* Prompt: Would you print the records below from the first line through the line containing "Halloween DrPepper Sweatshirt, Spooky", skipping the pictures?

Web page caption snippets:
━━━━━━━━━━━━━━━━━━━━

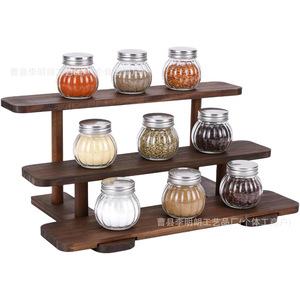 Wooden Multi Layer <b>Spice</b> <b>Rack</b> With Glass <b>Jars</b> <b>For</b> Kitchen Storage Durable Standing Type Rectangle Shape - Product Image 1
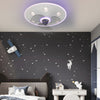 Low Profile Flush Mount Ceiling Fan with Round Acrylic Light and 3 Color Dimming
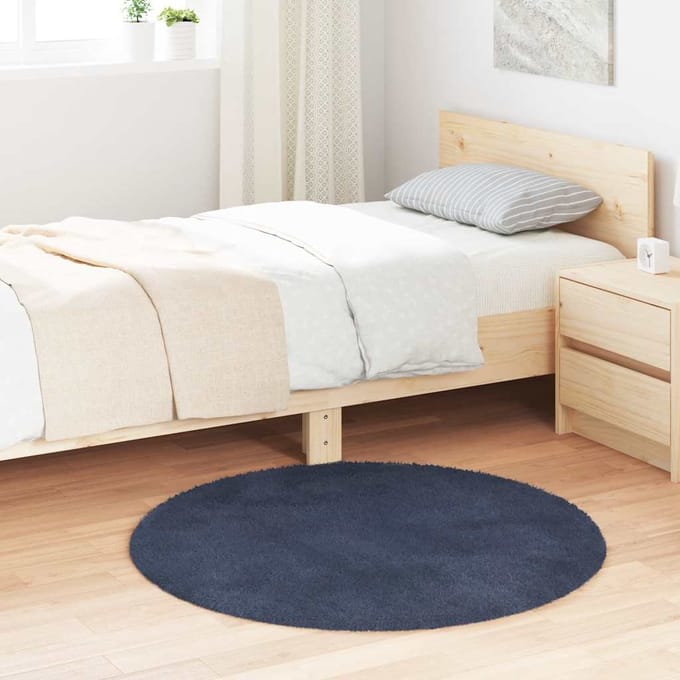 vidaXL - Hoogpolig - vloerkleed - NAVARRA - 100x100 - cm - polyester - marineblauw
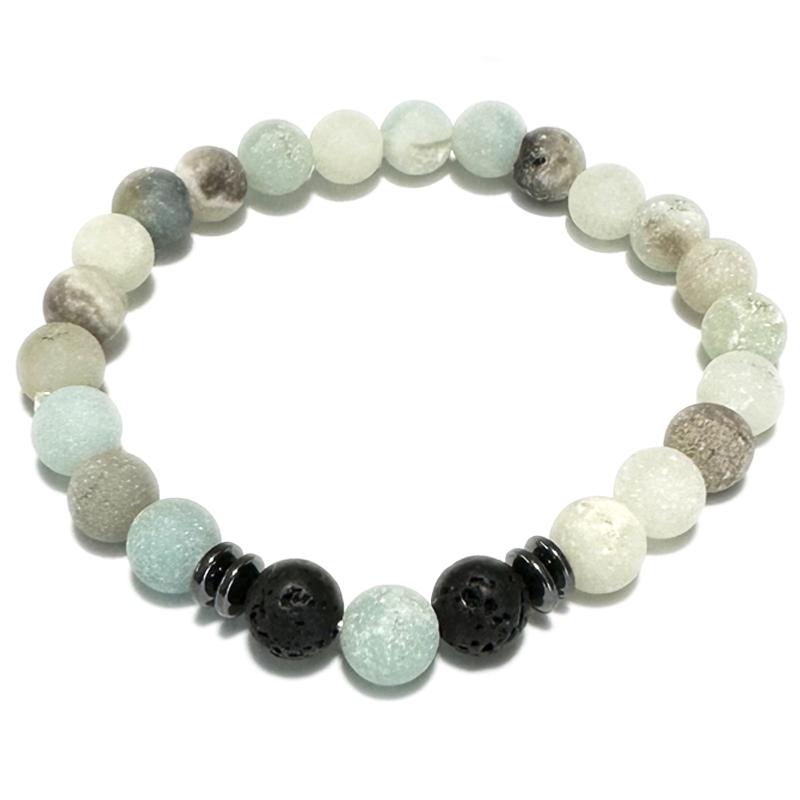 Bracelet multi Amazonite dépoli, hématite, pierre de lave (boules 8mm) - La Boite à Cailloux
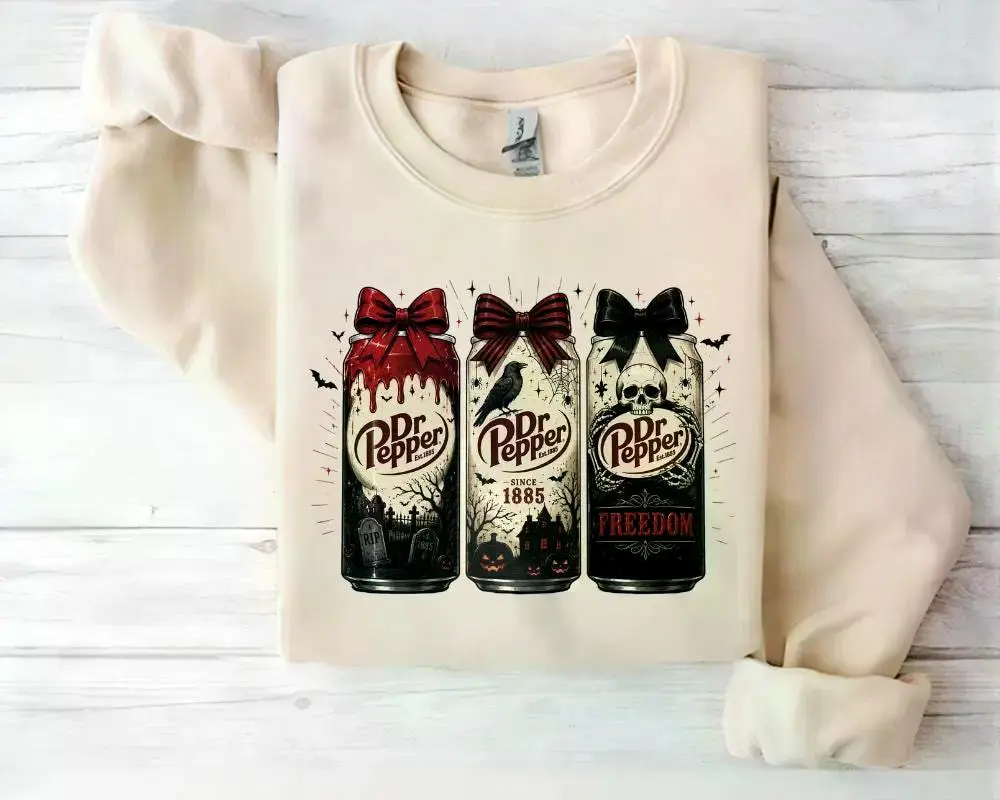 Halloween DrPepper Sweatshirt, Spooky Soda Can Graphic Crewneck, Gothic Bow Pumpkin Pullover, Vintage Fall Drink Lover Gift for Women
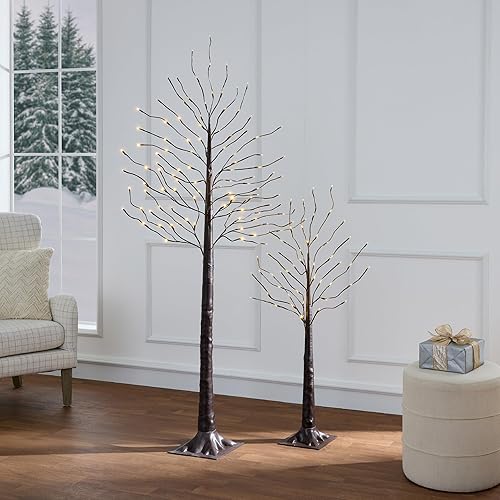Miniatura 3 de Best Choice Products Árbol de abedul iluminado de 4 pies, 6 pies y 8 pies, paquete de 3 con luces LED, 12 colores inc. blanco cálido para el hogar,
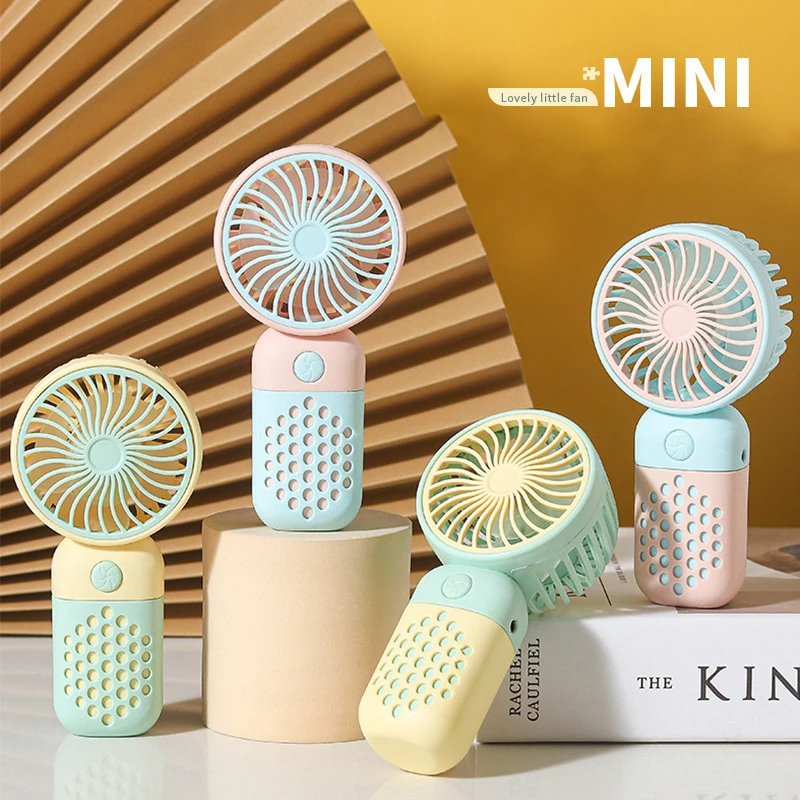 Cute USB Mini Fan Portable Handheld Fan Rechargeable Mini Handy Fan Pocket Size Low Noise Small Electric Fan Student Dormitory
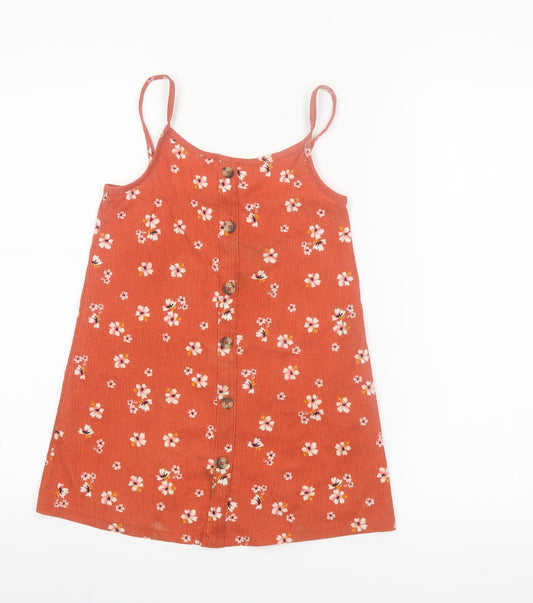 Primark Girls Orange Floral Button Pinafore Dress 5-6 Years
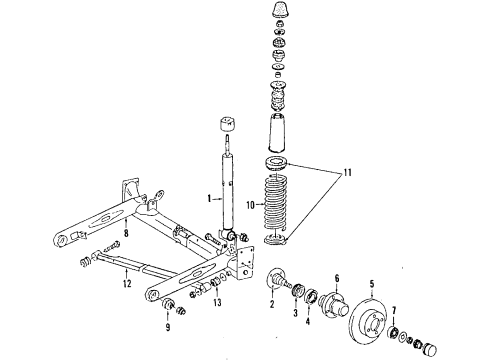1988 Audi 90 Rear Suspension Components Diagram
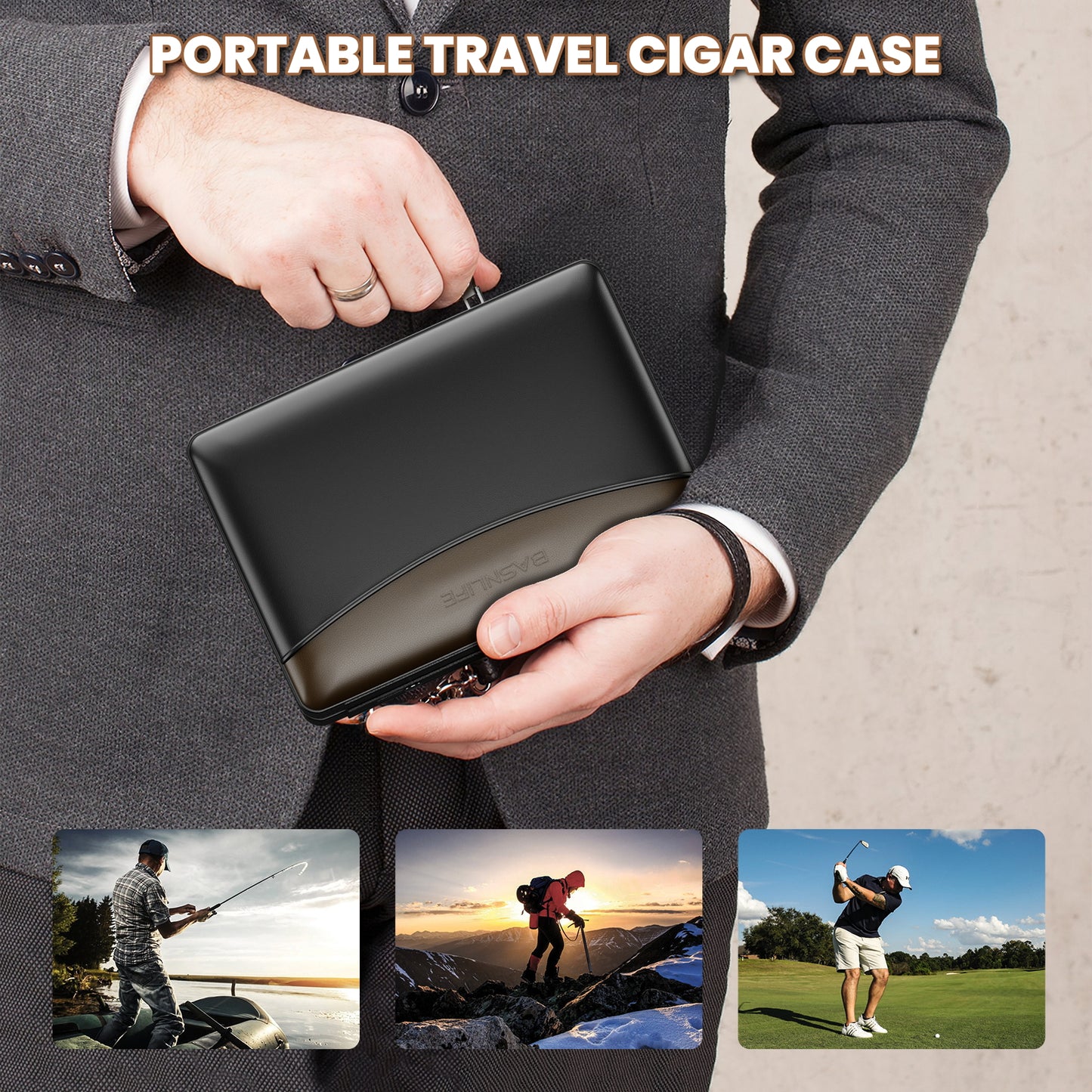 BASNLIFE Cigar Humidor Cases, Leather Travel Cigar Box with 5 In-1 Cigar Lighter (Black)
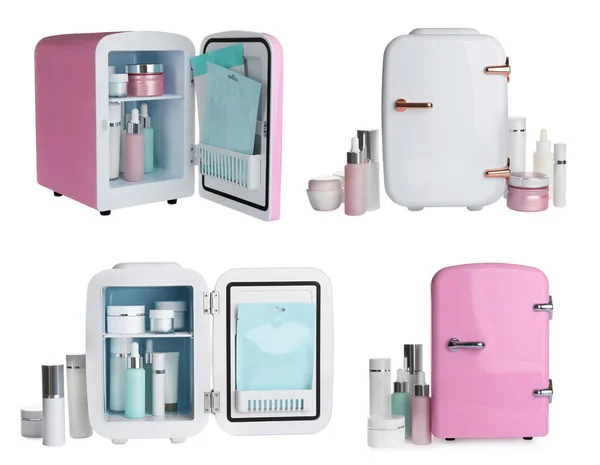 Állítsa Mini Hűtőszekrények Kozmetikumok Fehér Alapon — Stock Fotó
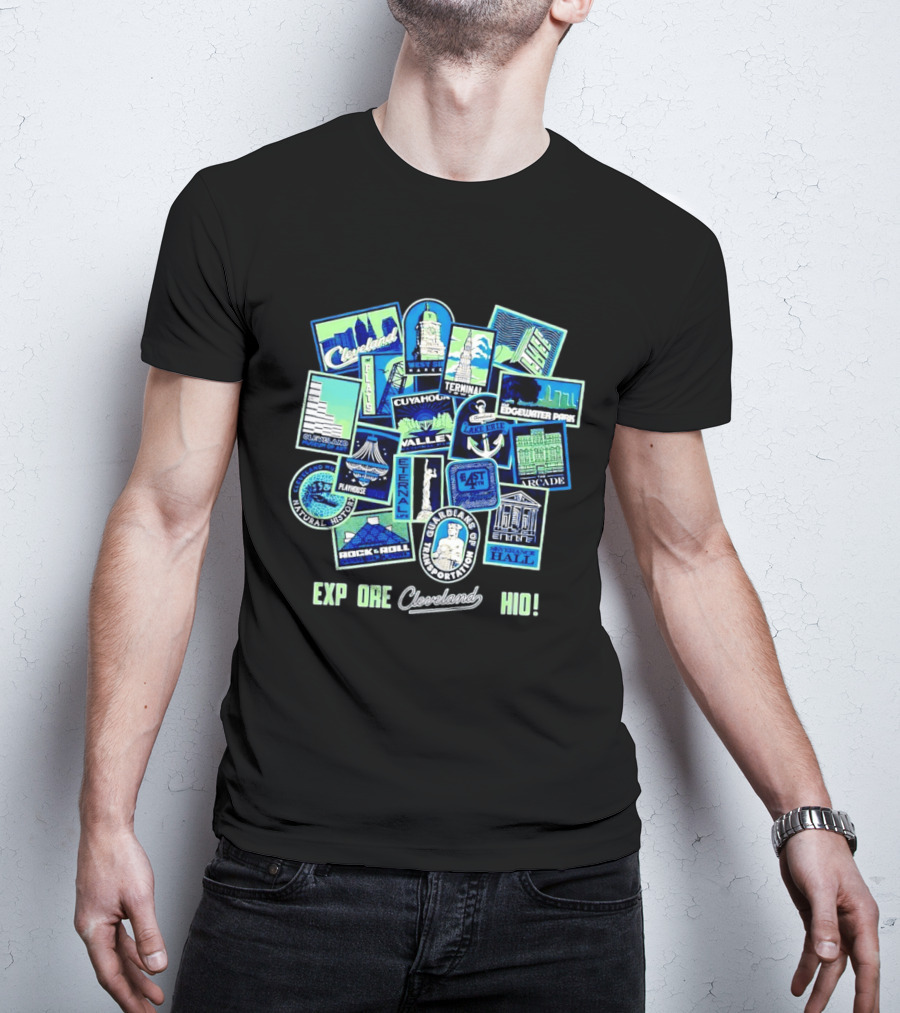 Explore Cleveland Ohio Landmarks Cuyahoga Rock Roll Museum Terminal Tower Edgewater Park T-Shirt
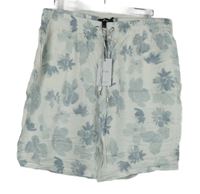 Nové - Dámské bílo-světlemodré květované kraťasy Reiss 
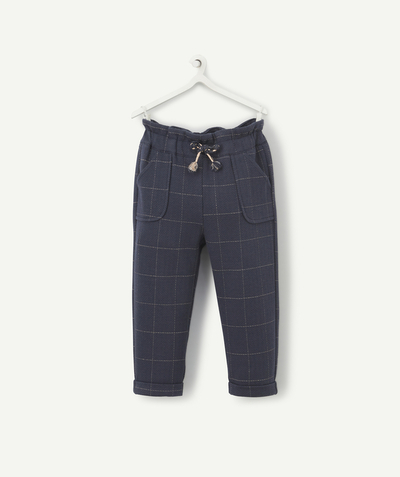 Trousers Nouvelle Arbo   C - BABY GIRL'S BLUE CHINOS WITH GLITTER CHECKS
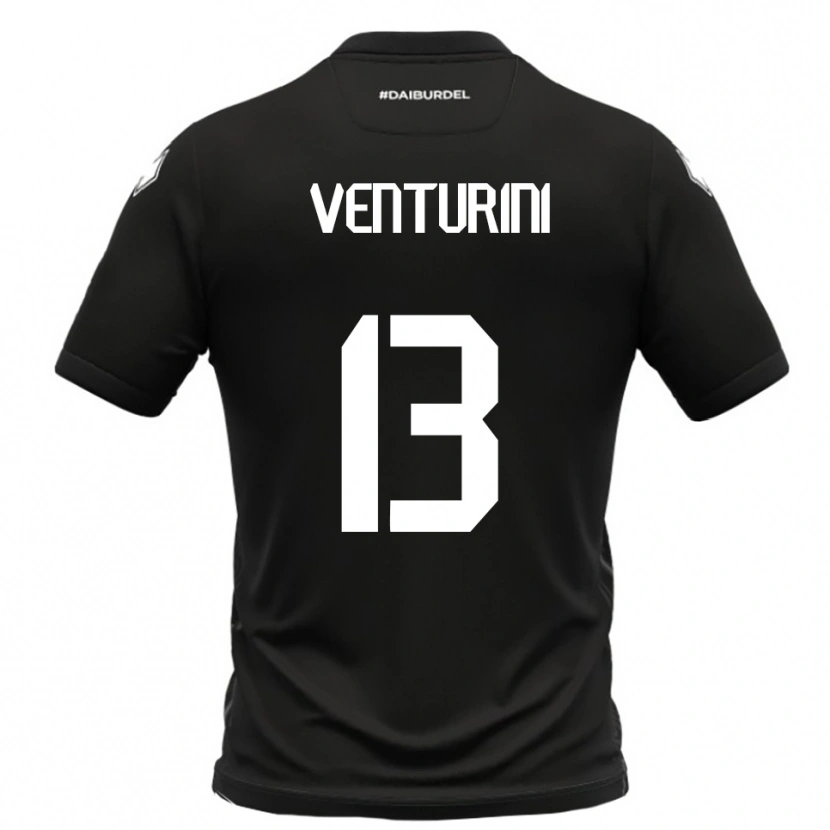 Danxen Women Diego Venturini #13 Black White Away Jersey 2025/26 T-Shirt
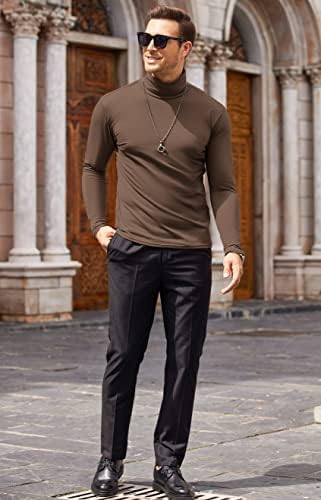 Мъжки Ежедневни Ризи с високо воротом COOFANDY Slim Fit, Леки Основни Памучни Пуловери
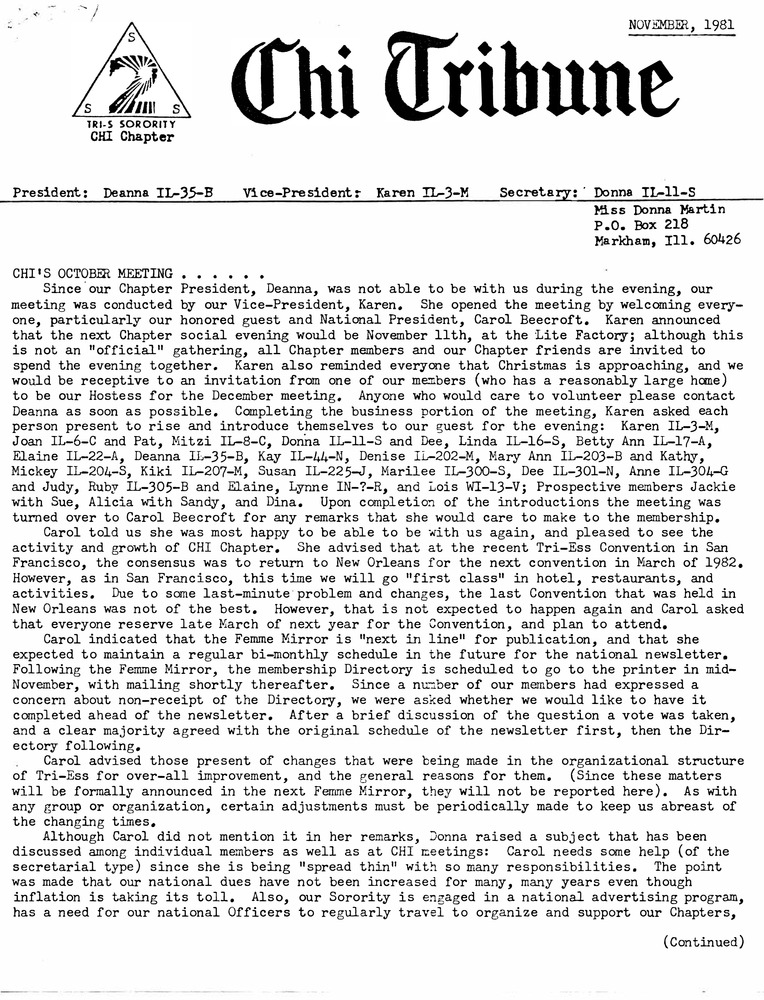 Download the full-sized PDF of Chi Tribune (November, 1981)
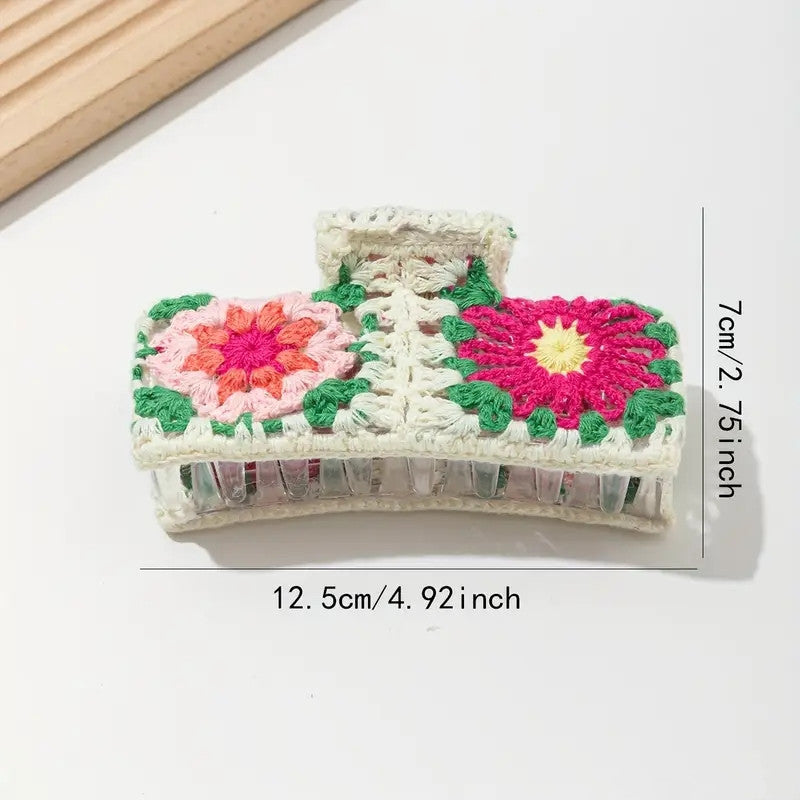 Flower knitted holiday style shark hair clip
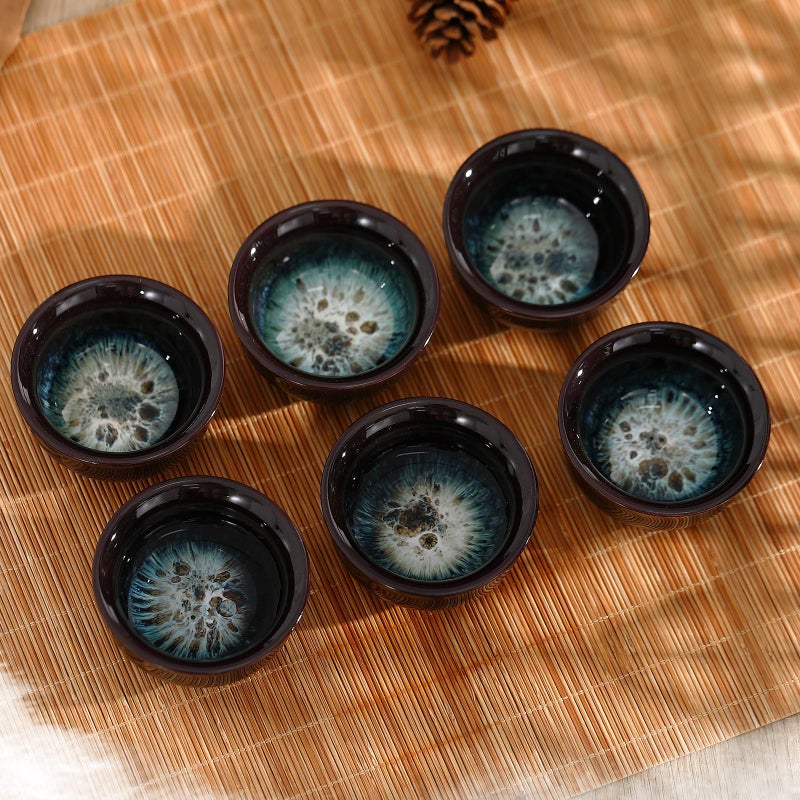 Skyley 6 Pieces Korean Soju Shot Glasses Sets Porcelain Cups Korean Ceramic Cups Tea Accessories Drinkware, Handcrafted Ceramic(Dark Brown,Sand Gold Pattern) - Image 4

━━━━━━━━━━━━━━━━━━━━

* Response:
 Wooden Multi Layer <b>Spice</b> <b>Rack</b> With Glass <b>Jars</b> <b>For</b> Kitchen Storage Durable Standing Type Rectangle Shape - Product Image 1
 Low Profile Flush Mount Ceiling Fan with Round Acrylic Light and 3 Color Dimming
 vidaXL - Hoogpolig - vloerkleed - NAVARRA - 100x100 - cm - polyester - marineblauw
 Bracelet multi Amazonite dépoli, hématite, pierre de lave (boules 8mm) - La Boite à Cailloux
 Halloween DrPepper Sweatshirt, Spooky Soda Can Graphic Crewneck, Gothic Bow Pumpkin Pullover, Vintage Fall Drink Lover Gift for Women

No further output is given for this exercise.